We still see elements of this kind of thinking in the education system, although the system seems better at critiquing itself than it once might have been in the past. Self-modification is relatively rare. The absolute number of people willing to be innovators might now be higher, the percentage might be the same. The comparisons between the eighteenth century and now, which Mokyr sometimes makes and sometimes leaves to the reader, might be the most radical and unusual parts of this book.
It is a book about ideas that on its own contains many ideas that illuminate how the world was changing—and how it is today, as we live in a society that is saturated with ideas—provided that we are willing to find and follow those ideas. And think about them on a meta level—in other words, deal with ideas about ideas. This is relatively hard and requires a lot of training to accomplish.
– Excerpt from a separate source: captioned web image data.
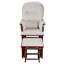 Fauteuil coulissant avec repose-pieds en microfibre beige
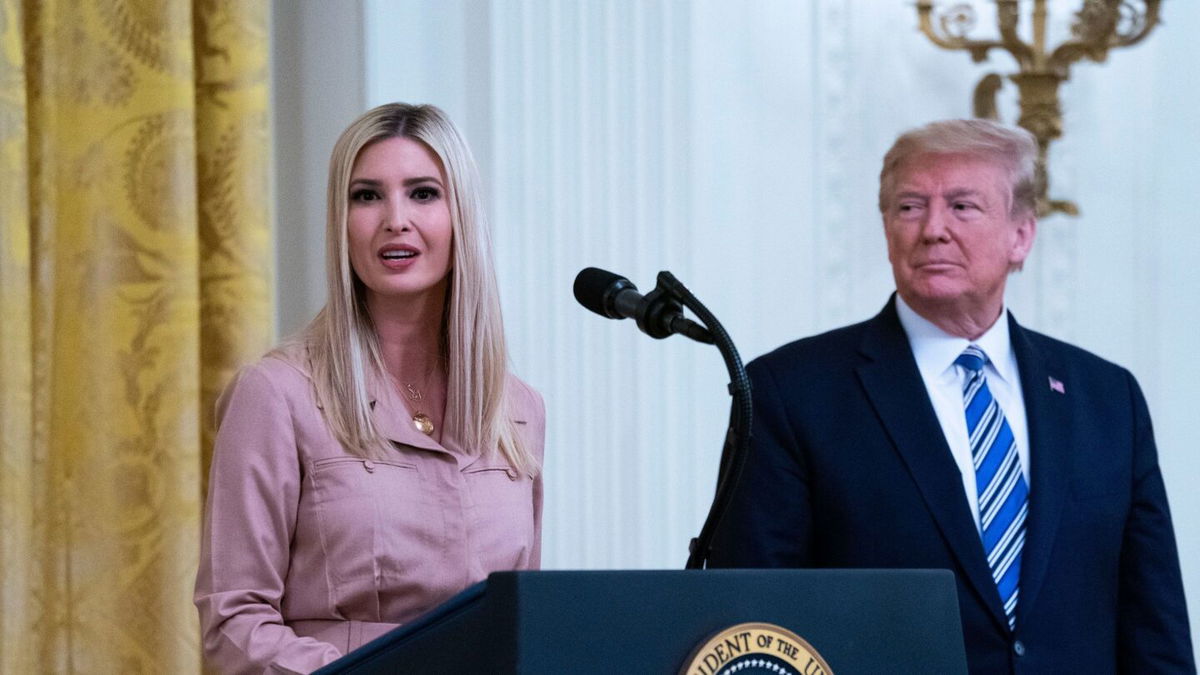 <i>Doug Mills/The New York Times/Redux</i><br/>Former President Donald Trump (right) watches his daughter Ivanka Trump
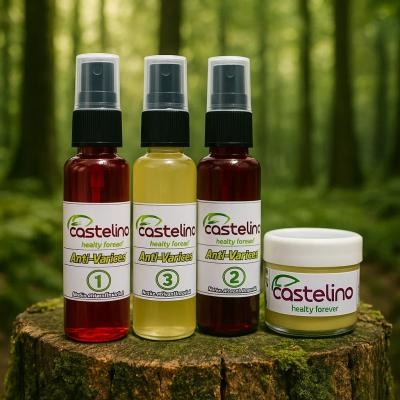 پک آنتی واریس کاستلینا | درمان طبیعی واریس پا و کاهش درد بدون جراحی ✅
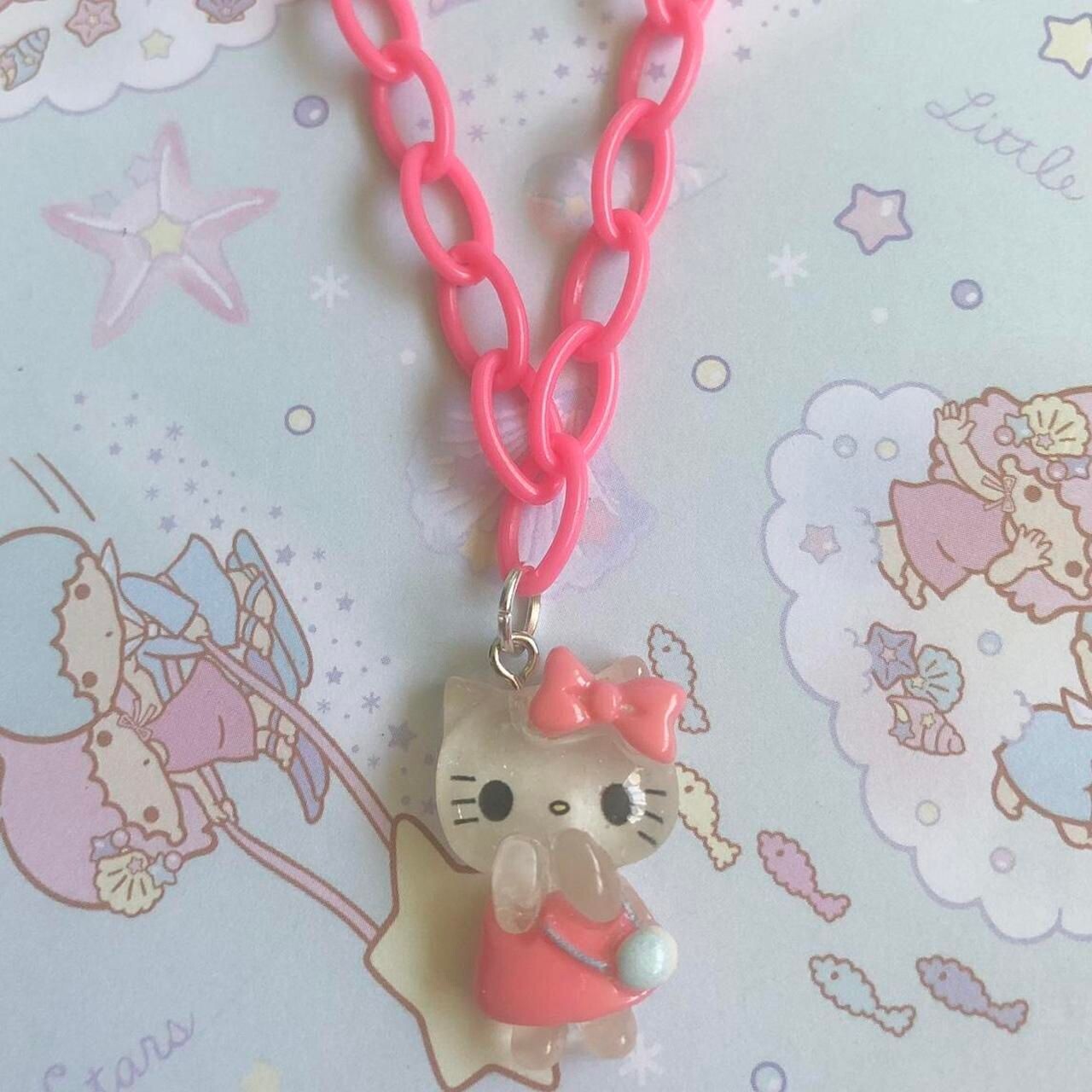Kawaii Necklace (Hot Pink)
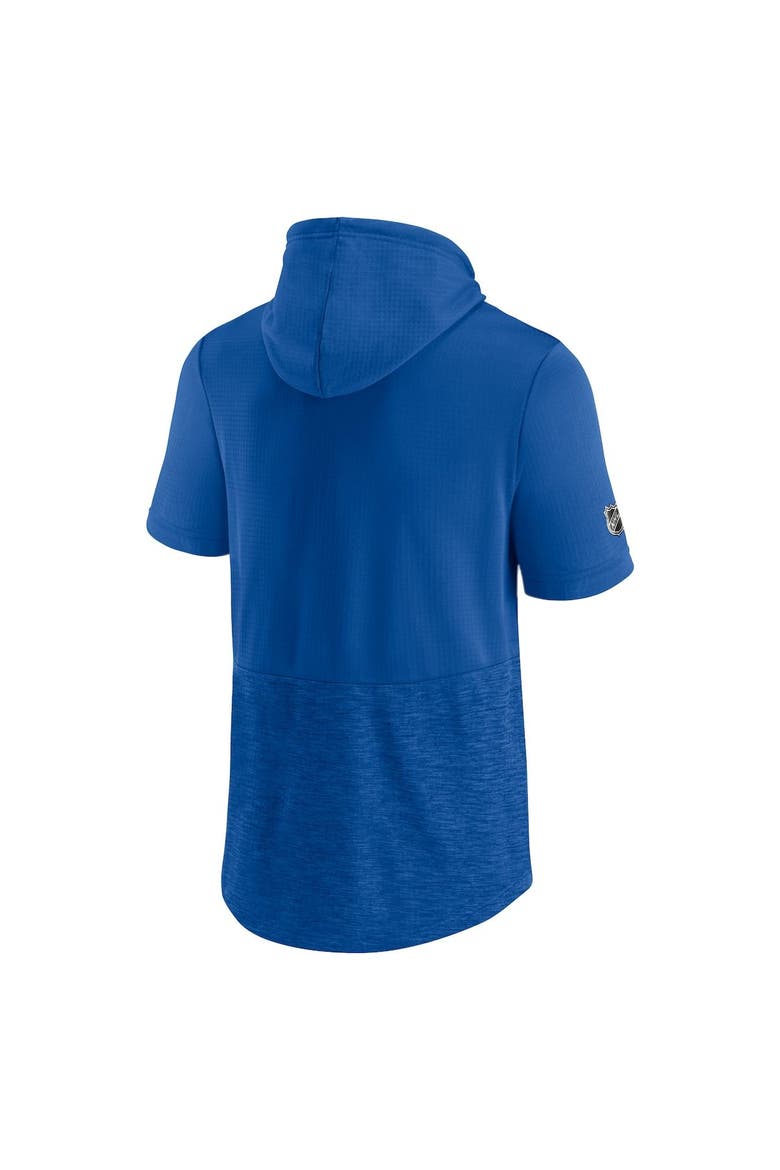 Men's Fanatics Branded Royal New York Islanders Authentic Pro Travel and Training Short Sleeve Pullover Hoodie, Alternate, color, Royal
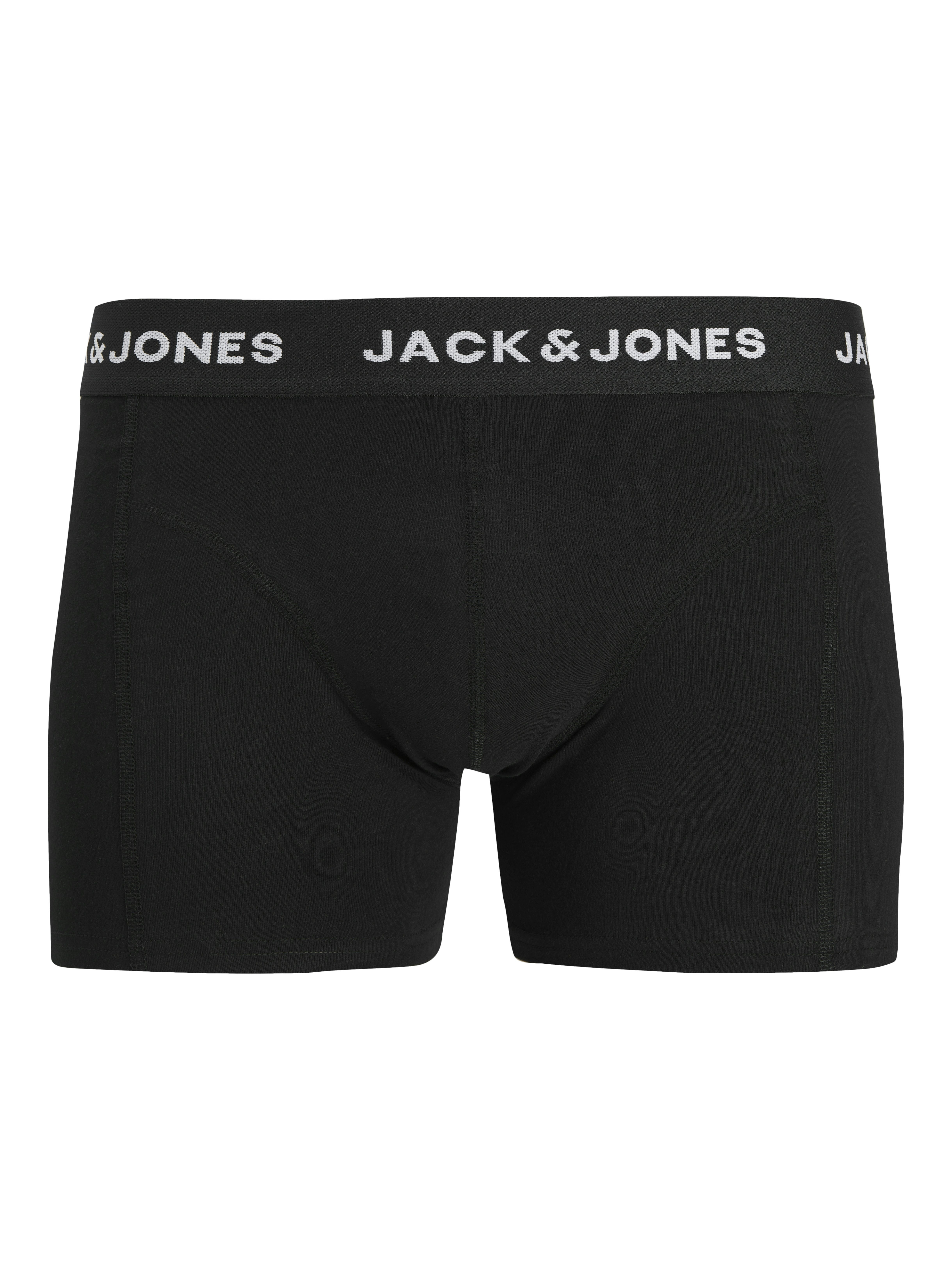 Jack & Jones Trunk JACJEREMIAH SOLID TRUNKS 3 PACK (Packung, 3-St) Baumwollmischung, elastischer Bund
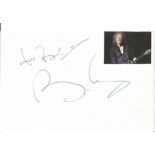 Brian May signed 6x4 album page. Brian Harold May CBE (born 19 July 1947) is an English musician,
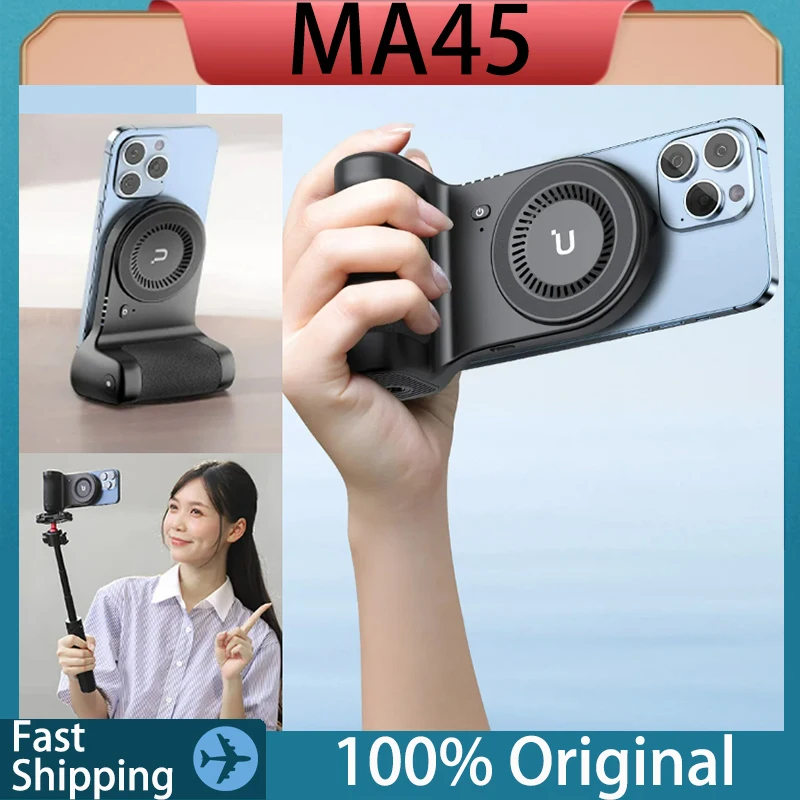 Original Ulanzi MA45 Magnetic Power Grip Bluetooth Shutter Smartphone Handle Grip Custom Selfie Vertical Horizontal Shooting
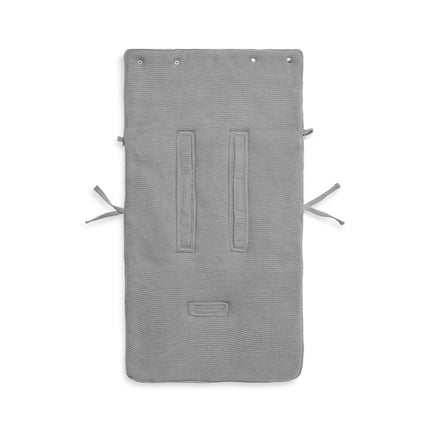 Jollein Voetenzak Autostoel Groep 0+ 3/5 Punts Basic Knit Stone Grey - Jollein - Babywinkel - 8717329355422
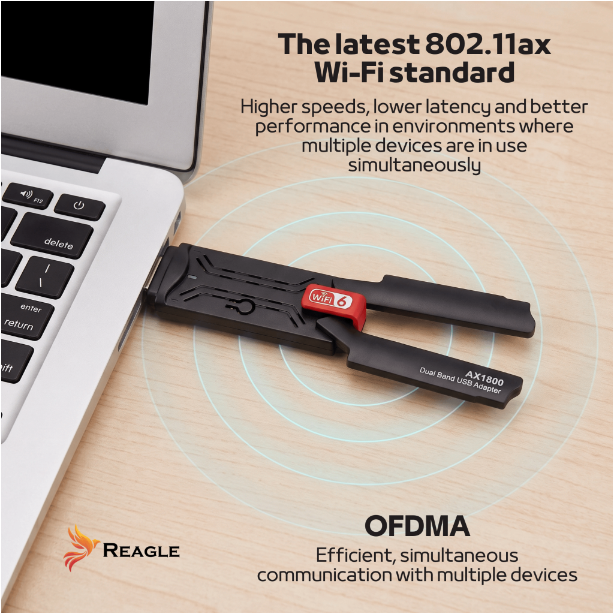 Reagle RYWU5 karta Wi-Fi 6 USB AX1800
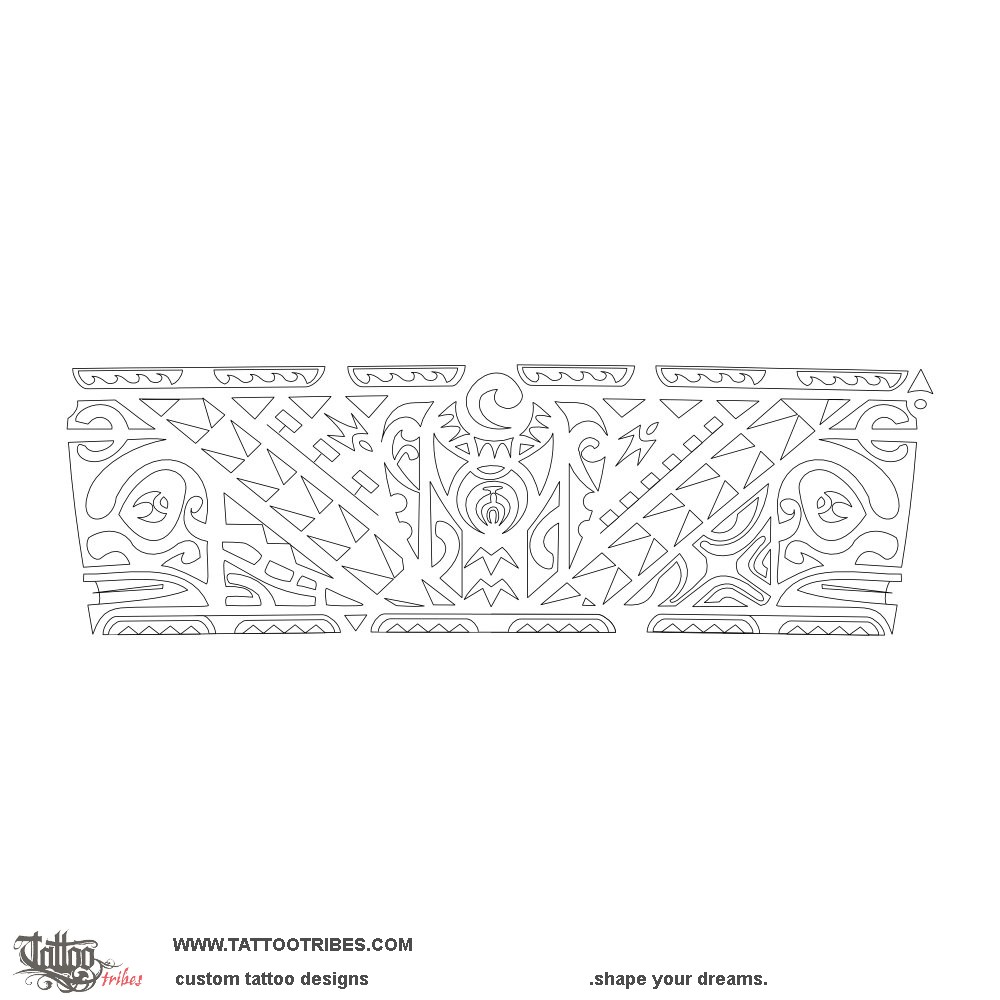 Stencil outline of Mauae, Change downloadable hi-res tattoo stencil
Mokyr reminds us of why it is important.
A final note about the materiality of the book in question: The Enlightened Economy is scholarly and concomitantly expensive. It’s also very nicely bound and easy to read. It feels like it will last a very long time, which is good, because I haven’t digested it yet and doubt many could in a first reading.
One of my favorite econ professors at UW worked with Joel Mokyr at Northwestern. He recommended reading Mokyr’s The Gifts of Athena. It’s a historical look at the development of the knowledge economy: how improved access to technological ideas became just as important as the ideas themselves. It’s a read that requires commitment, but you don’t seem to be the type to shy away from the dense stuff.